Her face closed up. "I'm a little tired, like everyone else on this shift. Thank you for seeing about Mr. Harris, sir."
He shrugged. "Let me know if he has any further bouts of nausea."
"Yes, sir." She was polite, but cool, remote.
His dark eyes narrowed as they met her gray ones. "You don't like me at all, do you?'' he asked bluntly, as if he'd only just realized it.
She laughed without humor. "Isn't that my line?"
She turned without meeting his gaze and went back to work, apparently dismissing him from her mind.
He left the ward, but something was nagging at the back of his mind, something he couldn't quite put his finger on. He was uneasy, and he didn't know why.
Vacations, he thought, were supposed to relax people. His seemed to have had an opposite effect.
Behind him, Noreen was trying to calm her rene-gade heartbeat, forcing herself not to look after the tall, dark man to whom she'd secretly given her heart so long ago.

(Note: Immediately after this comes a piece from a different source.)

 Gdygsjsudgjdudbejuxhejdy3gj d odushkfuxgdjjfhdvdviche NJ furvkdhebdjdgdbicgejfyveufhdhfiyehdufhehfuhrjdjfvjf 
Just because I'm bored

He'd never known, and he never would. Isadora had brought the tall man home and Noreen's heart had broken in two. Not for her, the dark warm eyes, the sensuous smiles. Isadora, the pretty one, the flirting one, married the man Noreen would have died just to kiss. She'd kept her painful secret for six long years, through the four years of Ramon's marriage, through the past two searing years of accusation and persecution. Her heart should have worn out by now, but it kept beating, despite its imperfection that grew worse daily.

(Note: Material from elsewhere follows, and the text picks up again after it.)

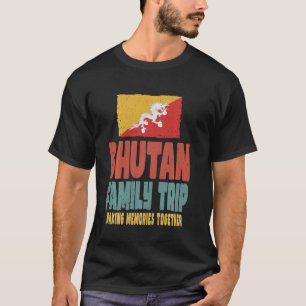 Bhutan Vacation Trip Holiday Bhutan Family Trip T-Shirt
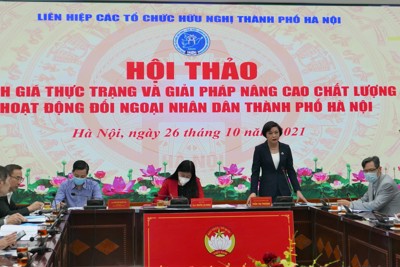 Bàn giải pháp nâng cao chất lượng hoạt động đối ngoại nhân dân Hà Nội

The time would come when she might not have time to get to a doctor. Not that it mattered. Her life was one of sacrifice and duty. There had been no love in it since the death of her parents. She'd felt lost going to the big, lonely house that accepted her only reluctantly. She'd been Isadora's private servant, her aunt's social secretary, her uncle's go-for. She'd been alone and lonely most of her adult life, hopelessly in love with her cousin's husband and too proud to ever let it show.
He hated her now, blamed her for something that wasn't really her fault. Even in death, he still belonged to beautiful Isadora. Noreen turned her mind back to her chores, shutting him out, shutting out the past and the pain. She accepted her lot, as she always had, and went about her work.
Noreen went home to her lonely apartment and wished, not for the first time, that she had a cat or a dog or something to keep her company. But the apartment house had strict rules about pets. None were allowed, period. It was a lovely old Southern home, two story, with antiquated plumbing and peeling paint on the walls. But its four residents considered it home, and it boasted a small garage maintained just behind it for the residents who drove.
Fortunately Noreen and a medical student seemed to be the only people in residence who owned cars. There was a Marta bus stop on the corner, and here in midtown, everything was accessible. Noreen, however, liked the freedom her car gave her. It was small and old, but it managed to keep going, thanks to the mechanic down the block who charged only a tiny fee to tinker with it when necessary. While she made
a good salary at the hospital, Noreen still had to cut corners to make ends meet.
She'd never lacked for material things when she lived with her aunt and uncle and Isadora, but her life had been emotionally empty. Here, with her few possessions around her, she was at least independent. And if she lacked for love and companionship, that was nothing new. She wondered occasionally if her aunt had minded having to hire a housekeeper and social secretary after Noreen's expulsion from the family home. She'd never had to pay her niece for these services. It would never have occurred to her.
Ramon had moved to a new apartment, she recalled, after Isadora's tragic death. He hadn't been able to face going home to the scene of his beloved wife's last hours, for which he still blamed Noreen. She'd tried and tried to make him listen to the truth, just after it happened. But, maddened with grief and pain, he'd refused to let her speak. Perhaps he preferred the heartless image he'd endowed her with since their first meeting. God knew, he'd never really looked at her anyway.